Между тем не думайте, чтобы друг ваш, приехав в опасную Англию, где Купидон во все стороны пускает тысячами стрелы свои, лишился всей твердости, ослабел и растаял в томных чувствах. Нет, друзья мои! я имел еще столько сил, чтобы взойти на превысокую гору и видеть там древний замок, колодезь в 360 футов глубиною и медную пушку длиною в три сажени, которая называется карманным пистолетом королевы Елисаветы.
Я сел отдыхать на вершине горы, и великолепнейший вид представился глазам моим. С одной стороны – вся Кентская провинция с городами и деревнями, рощами и полями, а с другой – бесконечное море, в которое погружалось солнце и где пестрели разноцветные флаги, где белелись парусы и миллионы пенистых валов.
Английский лорд, любезная жена и милая сестра его, вышедши на берег, с нежностию обняли друг друга. «Берег моего отечества! – сказал лорд. – Я благословляю тебя!» – Они дали мне свой лондонский адрес и поехали в наемной карете.
Когда я пришел в трактир, где мы остановились ночевать, то в первой комнате окружили меня семь или восемь человек, весьма худо одетых, которые грубым голосом требовали денег. Один говорил: «Дай мне шиллинг за то, что я подал тебе руку, когда ты сходил с пакетбота»; другой: «Дай мне шиллинг за то, что я поднял платок твой, когда ты уронил его на землю»; третий: «Дай мне два шиллинга за то, что я донес до трактира чемодан твой». Четвертый, пятый, шестой – все требовали, все объявляли права свои на мой кошелек; но я, бросив на землю два шиллинга, ушел от них. Судите, любят ли здесь деньги и дешево ли ценят англичане труд свой?

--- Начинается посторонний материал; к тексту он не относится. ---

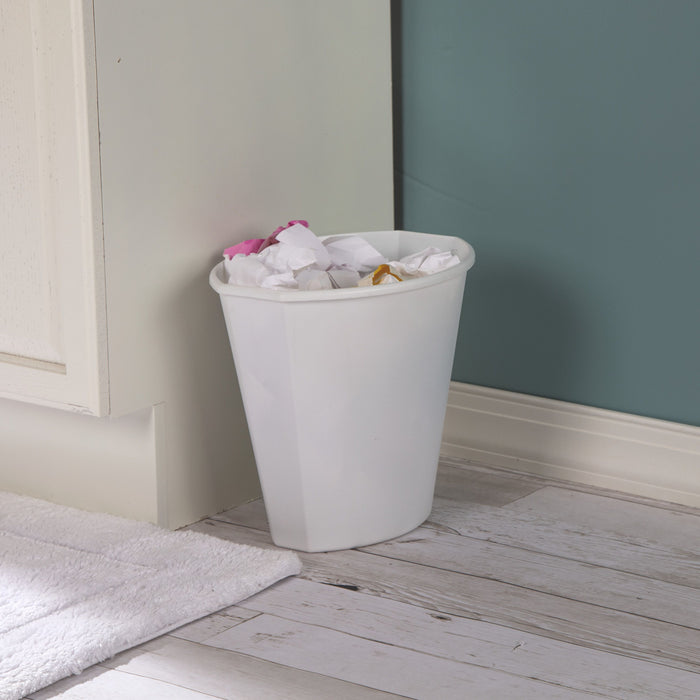 Sterilite 2.5 Gal. Wastebasket, Plastic, Bathroom, White Trash Can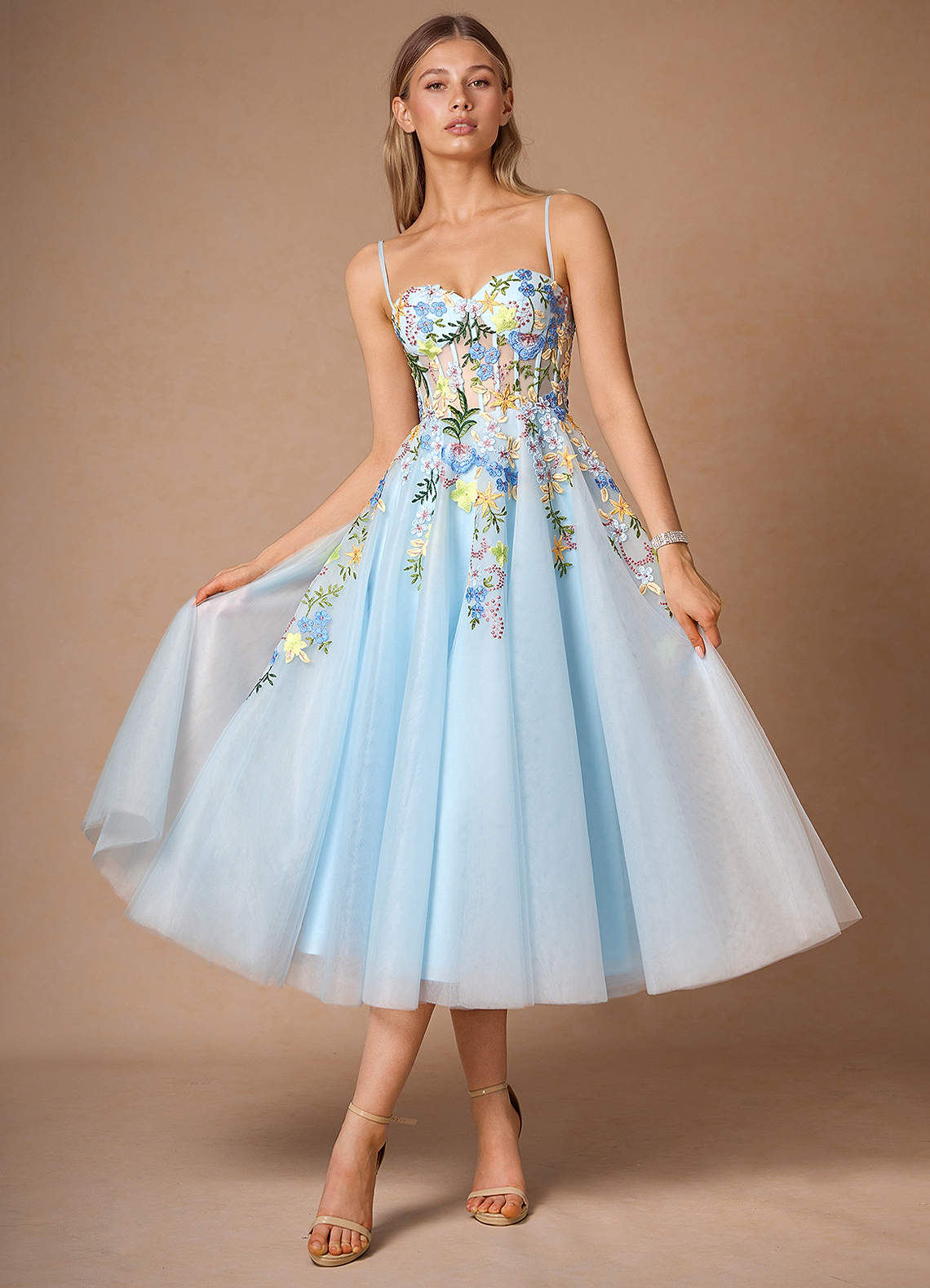 Iverine Sky Blue Multi Midi Dress  Dress
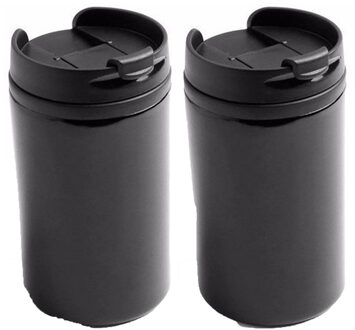 Reisbeker - 2x - 300 ml - zwart - thermosbeker - 15 x 7 cm - RVS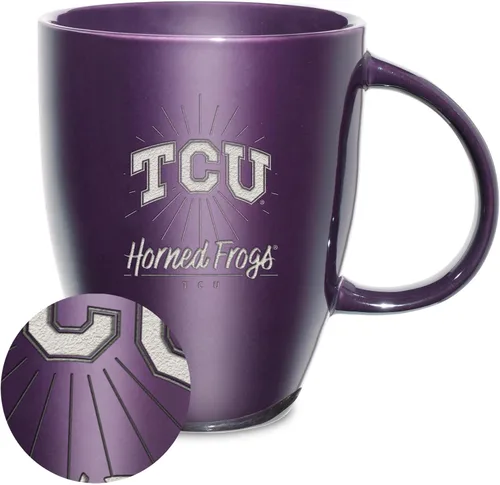 Vista 16 de Rico Industries - Taza de lustre cerámico con grabado láser de la NCAA de 18oz - Café-Té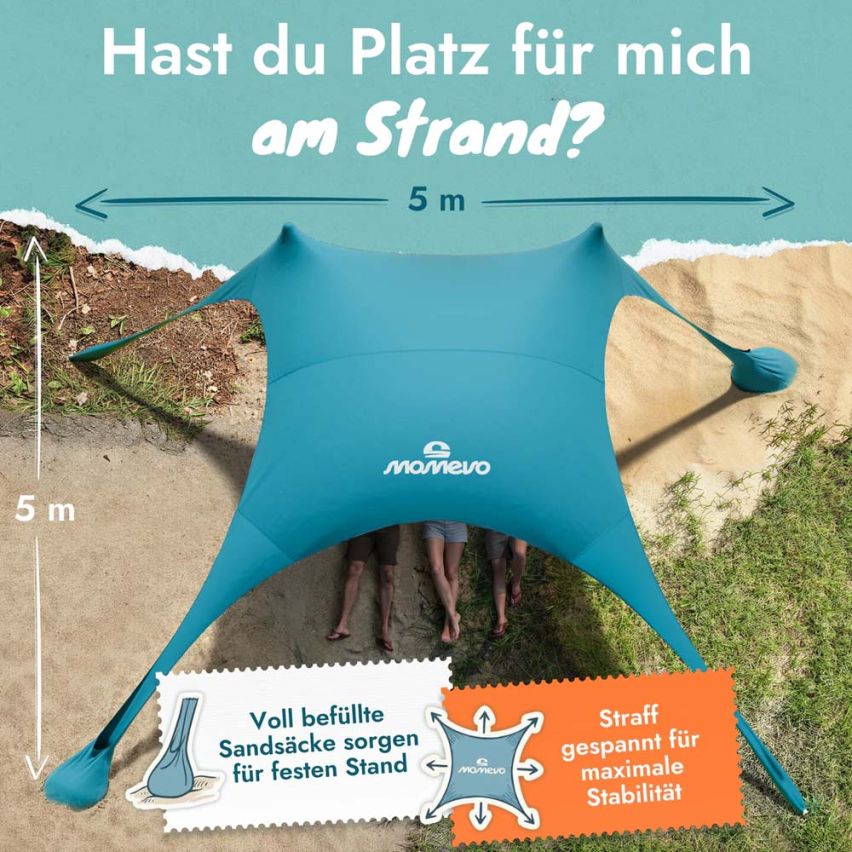 momevo Sunsail Strandzelt Sonnensegel UPF50+ petrolblau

Еще другая черта. Все наши сундуки и вещи принесли с пакетбота в таможню. «У меня нет ничего запрещенного, – сказал я осмотрщикам, – и если вы поверите моему честному слову и не будете разбивать моего чемодана, то я с благодарностию заплачу несколько шиллингов». – «Нет, государь мой! – отвечали мне, – нам должно все видеть». – Я отпер и показал им старые свои книги, бумаги, белье, фраки. «Теперь, – сказали они, – вы должны заплатить полкроны». – «За что же? – спросил я. – Разве вы были снисходительны или нашли у меня что-нибудь запрещенное?» – «Нет, но без этого не получите своего чемодана». Я пожал плечами и заплатил три шиллинга. – И так английские таможенные приставы умеют строго исполнять свою должность и притом… наживаться!